Argentina Freezes Assets in $120 Million Libra Crypto Scandal

Argentina’s judiciary has escalated its investigation into one of Latin America’s largest crypto scandals, ordering a sweeping freeze on the assets of U.S. citizen Hayden Davis and two regional associates accused of orchestrating the downfall of the Libra memecoin.
Federal Judge Marcelo Martínez de Giorgi issued the ruling this week, targeting bank accounts, digital wallets, and real estate linked to Davis, Argentine operator Orlando Rodolfo Mellino, and Colombian trader Favio Camilo Rodríguez Blanco. The decision follows mounting evidence that investors across several countries lost over $100 million in what prosecutors describe as an elaborate digital fraud scheme.
Investigators said the measure aims to prevent the suspects from moving or hiding assets while financial authorities track missing funds. Argentina’s National Securities Commission (CNV) was also directed to alert all registered crypto platforms to enforce the freeze nationwide.

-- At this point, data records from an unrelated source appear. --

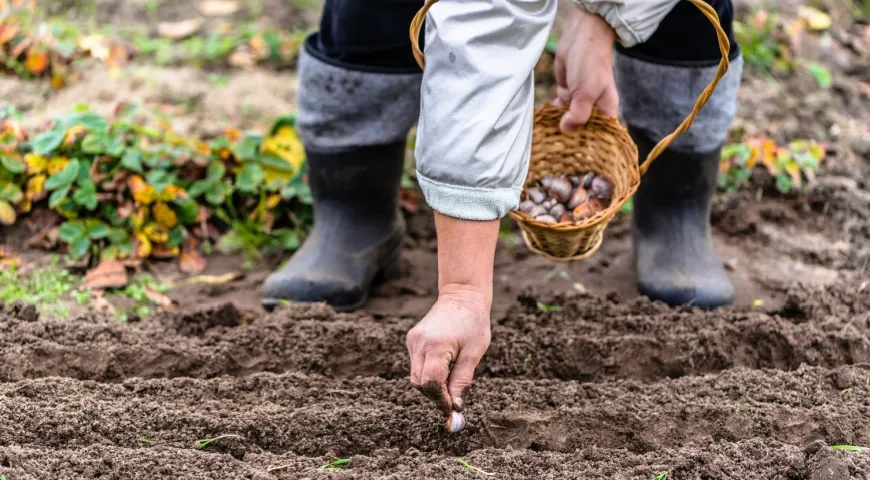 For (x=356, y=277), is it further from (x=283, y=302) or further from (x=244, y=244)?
(x=244, y=244)

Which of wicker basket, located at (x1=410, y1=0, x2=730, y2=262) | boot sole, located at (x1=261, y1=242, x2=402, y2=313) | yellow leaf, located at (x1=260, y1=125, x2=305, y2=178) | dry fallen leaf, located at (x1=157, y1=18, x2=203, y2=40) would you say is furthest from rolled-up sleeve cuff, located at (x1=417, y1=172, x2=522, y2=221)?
dry fallen leaf, located at (x1=157, y1=18, x2=203, y2=40)

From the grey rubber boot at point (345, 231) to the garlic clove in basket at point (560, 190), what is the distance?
0.49m

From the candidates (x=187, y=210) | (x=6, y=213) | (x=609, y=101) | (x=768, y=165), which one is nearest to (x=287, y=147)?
(x=187, y=210)

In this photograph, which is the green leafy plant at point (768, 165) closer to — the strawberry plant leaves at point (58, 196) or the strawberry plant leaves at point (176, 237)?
the strawberry plant leaves at point (176, 237)

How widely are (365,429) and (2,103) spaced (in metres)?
2.08

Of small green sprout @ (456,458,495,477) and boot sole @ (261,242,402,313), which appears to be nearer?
small green sprout @ (456,458,495,477)

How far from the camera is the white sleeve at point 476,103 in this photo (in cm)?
159

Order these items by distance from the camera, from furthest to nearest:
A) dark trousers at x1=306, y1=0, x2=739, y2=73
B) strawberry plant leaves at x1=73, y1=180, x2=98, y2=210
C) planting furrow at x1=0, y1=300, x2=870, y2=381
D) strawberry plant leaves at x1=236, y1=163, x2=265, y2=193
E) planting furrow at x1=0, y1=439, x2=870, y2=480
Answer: strawberry plant leaves at x1=236, y1=163, x2=265, y2=193, strawberry plant leaves at x1=73, y1=180, x2=98, y2=210, dark trousers at x1=306, y1=0, x2=739, y2=73, planting furrow at x1=0, y1=300, x2=870, y2=381, planting furrow at x1=0, y1=439, x2=870, y2=480

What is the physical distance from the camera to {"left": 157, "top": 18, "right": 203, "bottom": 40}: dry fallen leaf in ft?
12.6

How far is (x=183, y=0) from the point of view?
416 centimetres

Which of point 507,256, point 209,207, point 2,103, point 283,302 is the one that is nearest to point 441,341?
point 283,302

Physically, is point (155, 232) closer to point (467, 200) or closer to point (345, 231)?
point (345, 231)

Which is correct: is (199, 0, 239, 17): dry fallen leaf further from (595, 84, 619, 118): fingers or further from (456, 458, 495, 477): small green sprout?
(456, 458, 495, 477): small green sprout

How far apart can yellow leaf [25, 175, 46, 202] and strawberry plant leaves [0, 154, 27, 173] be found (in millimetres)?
45
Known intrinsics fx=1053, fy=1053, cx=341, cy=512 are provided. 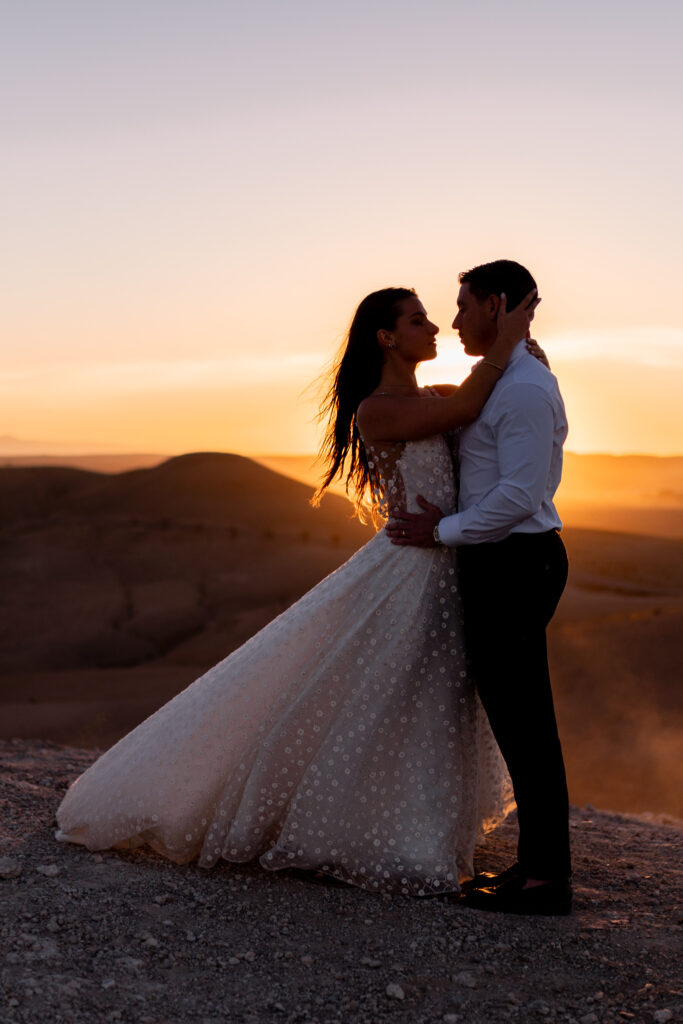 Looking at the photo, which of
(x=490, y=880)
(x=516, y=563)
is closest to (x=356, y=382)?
(x=516, y=563)

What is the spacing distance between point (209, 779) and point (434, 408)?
6.42 ft

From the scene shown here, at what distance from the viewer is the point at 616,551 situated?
4381 cm

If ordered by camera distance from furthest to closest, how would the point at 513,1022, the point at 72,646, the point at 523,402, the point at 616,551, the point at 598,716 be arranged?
the point at 616,551, the point at 72,646, the point at 598,716, the point at 523,402, the point at 513,1022

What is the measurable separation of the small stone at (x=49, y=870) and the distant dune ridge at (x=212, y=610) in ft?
23.2

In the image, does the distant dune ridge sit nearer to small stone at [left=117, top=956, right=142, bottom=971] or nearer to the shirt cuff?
the shirt cuff

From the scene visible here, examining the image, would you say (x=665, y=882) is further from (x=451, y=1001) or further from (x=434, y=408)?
(x=434, y=408)

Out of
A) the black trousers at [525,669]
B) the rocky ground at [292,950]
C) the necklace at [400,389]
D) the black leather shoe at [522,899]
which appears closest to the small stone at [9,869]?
the rocky ground at [292,950]

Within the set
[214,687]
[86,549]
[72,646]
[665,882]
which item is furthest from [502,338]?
[86,549]

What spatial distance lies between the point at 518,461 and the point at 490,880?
196cm

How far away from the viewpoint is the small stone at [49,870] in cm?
462

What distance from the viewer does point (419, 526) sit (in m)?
4.66

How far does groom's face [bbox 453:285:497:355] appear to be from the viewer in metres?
4.49

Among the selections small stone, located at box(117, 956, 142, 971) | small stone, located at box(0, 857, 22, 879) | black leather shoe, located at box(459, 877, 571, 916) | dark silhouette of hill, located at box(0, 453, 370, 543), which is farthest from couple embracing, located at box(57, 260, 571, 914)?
dark silhouette of hill, located at box(0, 453, 370, 543)

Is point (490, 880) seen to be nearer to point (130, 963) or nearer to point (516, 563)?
point (516, 563)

The Rise and Collapse of Libra
The Libra token entered the spotlight early this year when it skyrocketed after U.S. promoter Hayden Davis was briefly referenced by President Javier Milei as an “AI and blockchain adviser.” Within hours, retail investors poured in, only to see the token’s price implode shortly afterward, erasing an estimated $250 million in paper value.
Davis, a self-styled crypto marketer, has since become the focus of investigations stretching from Buenos Aires to New York. In May, a U.S. federal judge temporarily froze $57 million in USDC stablecoins associated with Davis and executives at the now-defunct Meteora exchange. The order was later lifted, though the funds remain under scrutiny amid ongoing restitution efforts.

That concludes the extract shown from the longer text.